• **TASK ITEM**: Please return, exactly and only, the lines beginning at the top of the entries below and ending with the line containing "West Edmonton Apartment"; keep out the pictures.

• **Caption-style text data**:
/---

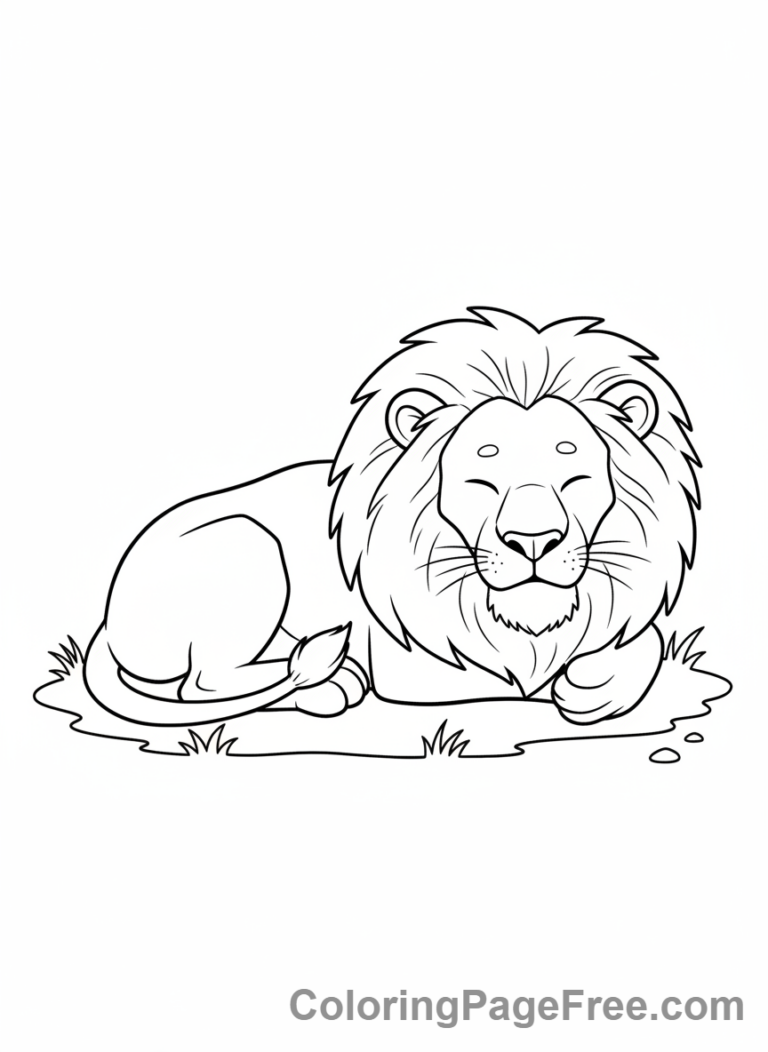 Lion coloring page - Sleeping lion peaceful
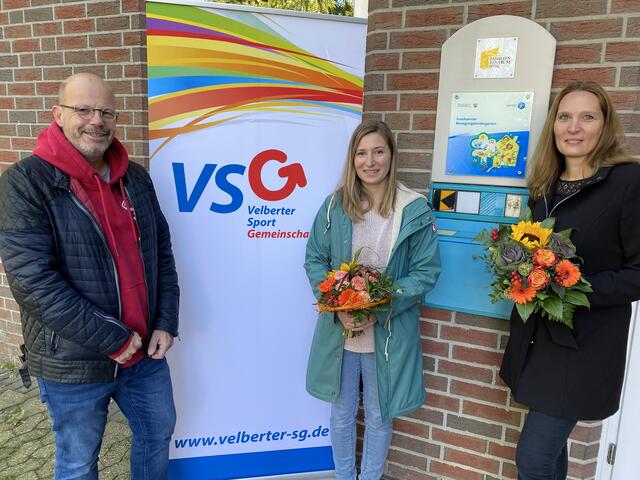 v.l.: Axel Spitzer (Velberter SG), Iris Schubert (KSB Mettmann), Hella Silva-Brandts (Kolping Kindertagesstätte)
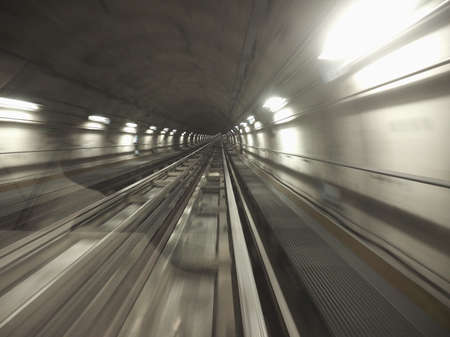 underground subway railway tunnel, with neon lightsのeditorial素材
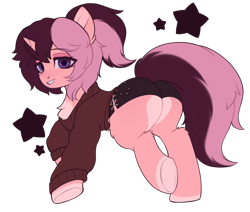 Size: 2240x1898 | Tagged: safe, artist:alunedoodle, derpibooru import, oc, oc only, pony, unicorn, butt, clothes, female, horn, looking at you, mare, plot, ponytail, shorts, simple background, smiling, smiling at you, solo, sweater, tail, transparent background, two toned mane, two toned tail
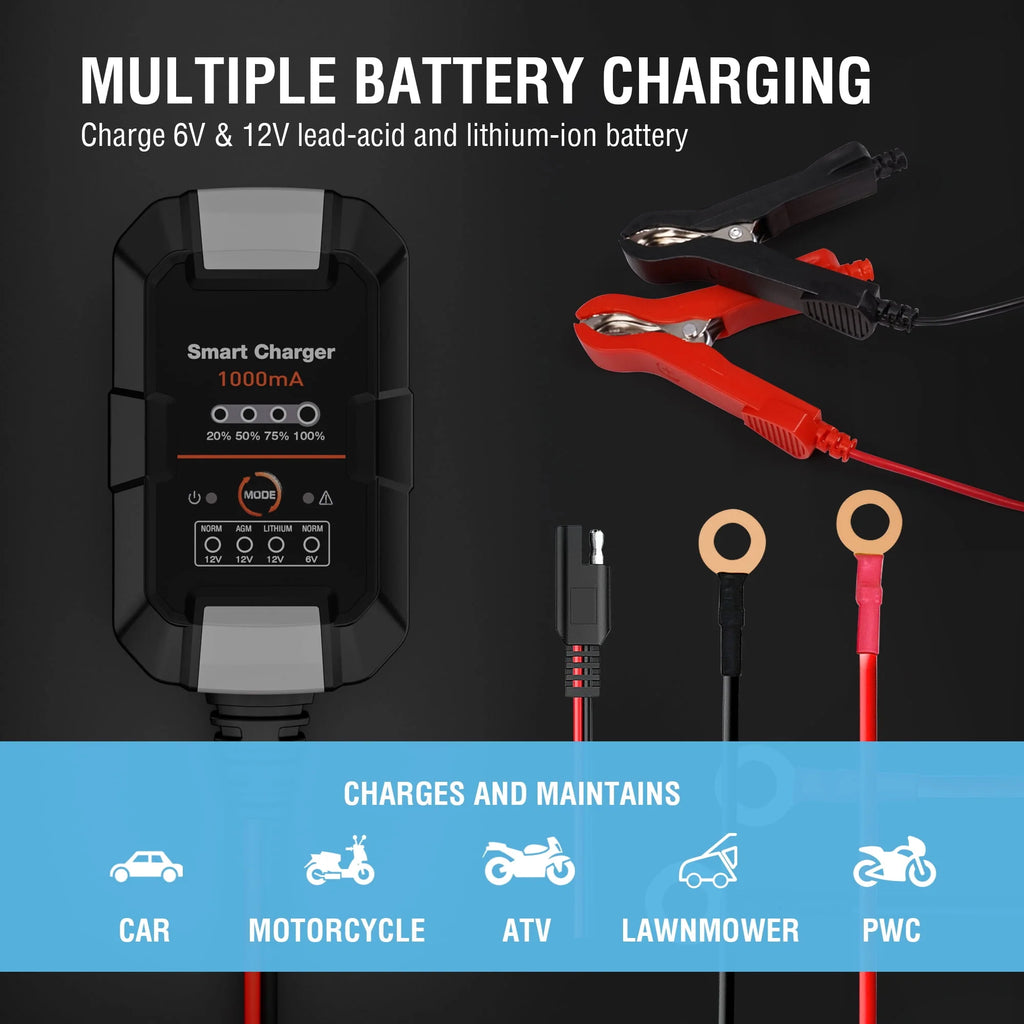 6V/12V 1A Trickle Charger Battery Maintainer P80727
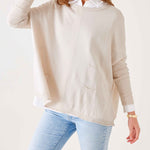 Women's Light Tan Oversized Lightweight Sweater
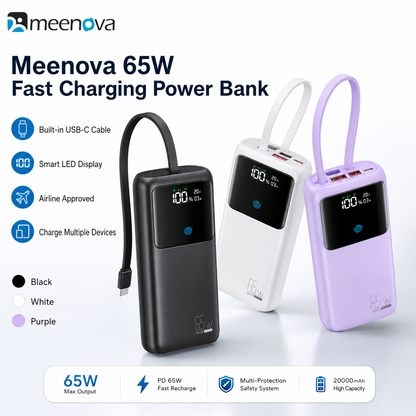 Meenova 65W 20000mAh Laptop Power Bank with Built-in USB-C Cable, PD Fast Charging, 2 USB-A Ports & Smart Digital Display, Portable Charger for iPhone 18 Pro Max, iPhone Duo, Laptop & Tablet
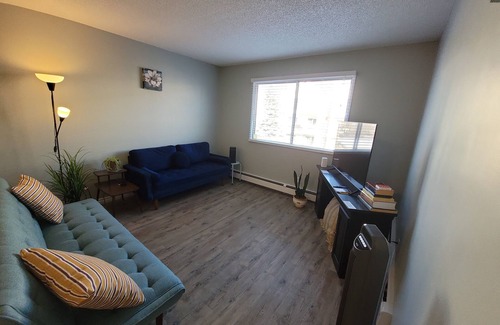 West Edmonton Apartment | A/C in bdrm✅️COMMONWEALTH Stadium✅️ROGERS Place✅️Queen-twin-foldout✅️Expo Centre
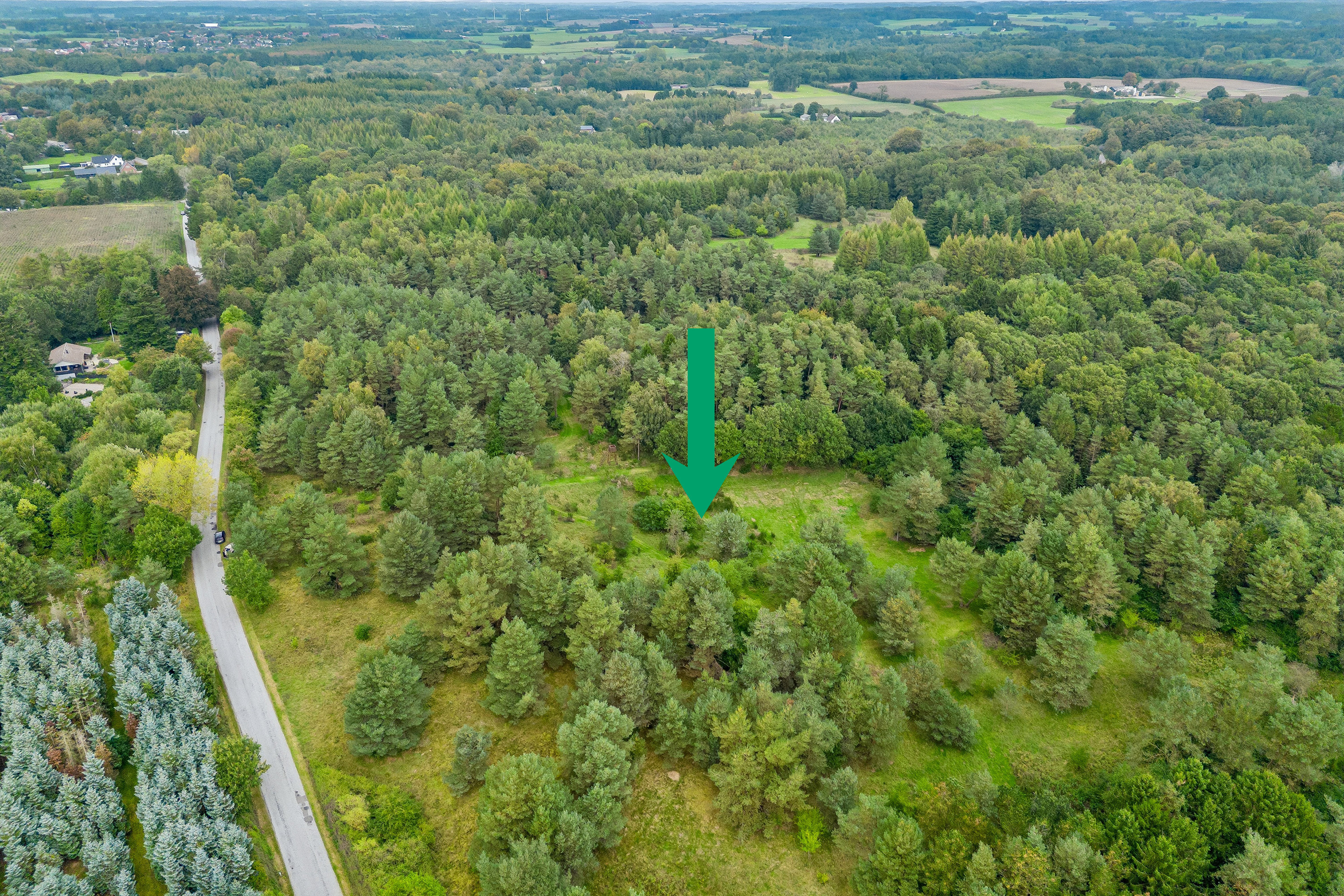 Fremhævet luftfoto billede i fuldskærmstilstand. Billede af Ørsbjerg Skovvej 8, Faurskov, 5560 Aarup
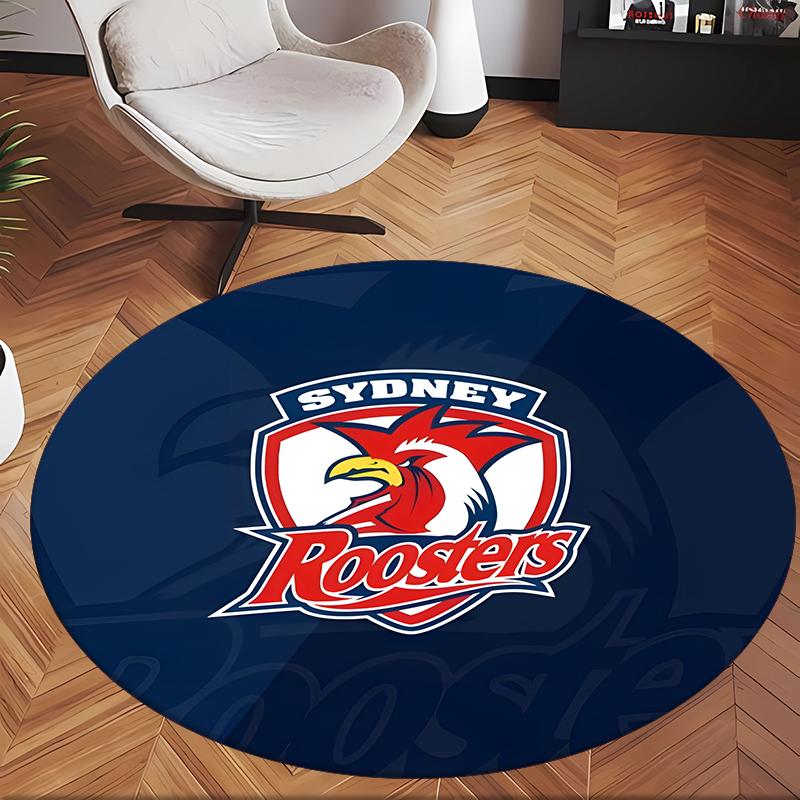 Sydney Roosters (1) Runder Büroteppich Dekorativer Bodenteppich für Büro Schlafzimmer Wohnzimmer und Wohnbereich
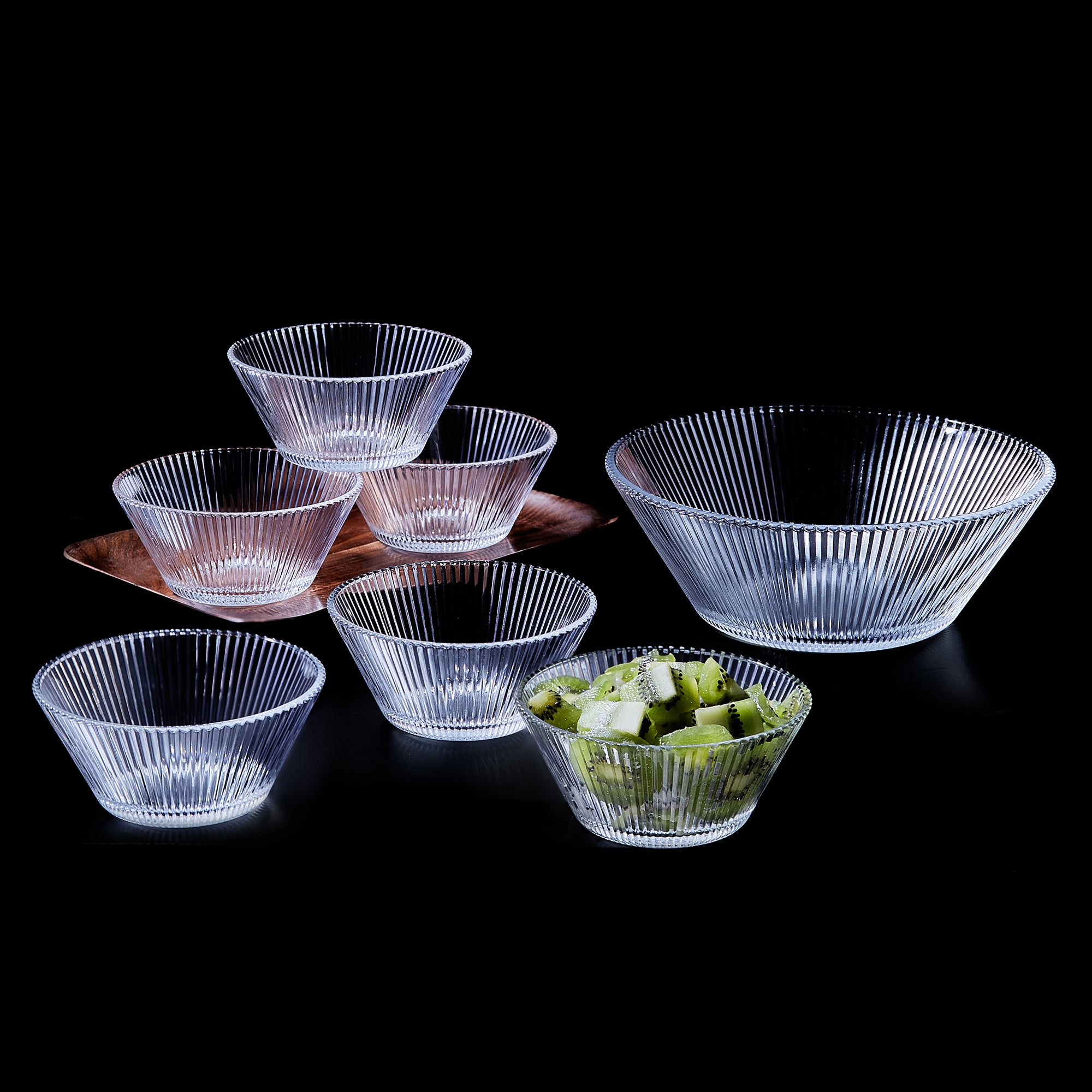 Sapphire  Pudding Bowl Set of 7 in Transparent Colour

\---

• **RESPONSE BELOW**:
 Lion coloring page - Sleeping lion peaceful
 v.l.: Axel Spitzer (Velberter SG), Iris Schubert (KSB Mettmann), Hella Silva-Brandts (Kolping Kindertagesstätte)
 underground subway railway tunnel, with neon lightsのeditorial素材
 Size: 2240x1898 | Tagged: safe, artist:alunedoodle, derpibooru import, oc, oc only, pony, unicorn, butt, clothes, female, horn, looking at you, mare, plot, ponytail, shorts, simple background, smiling, smiling at you, solo, sweater, tail, transparent background, two toned mane, two toned tail
 6V/12V 1A Trickle Charger Battery Maintainer P80727
 Women's Light Tan Oversized Lightweight Sweater
 Meenova 65W 20000mAh Laptop Power Bank with Built-in USB-C Cable, PD Fast Charging, 2 USB-A Ports & Smart Digital Display, Portable Charger for iPhone 18 Pro Max, iPhone Duo, Laptop & Tablet
 West Edmonton Apartment | A/C in bdrm✅️COMMONWEALTH Stadium✅️ROGERS Place✅️Queen-twin-foldout✅️Expo Centre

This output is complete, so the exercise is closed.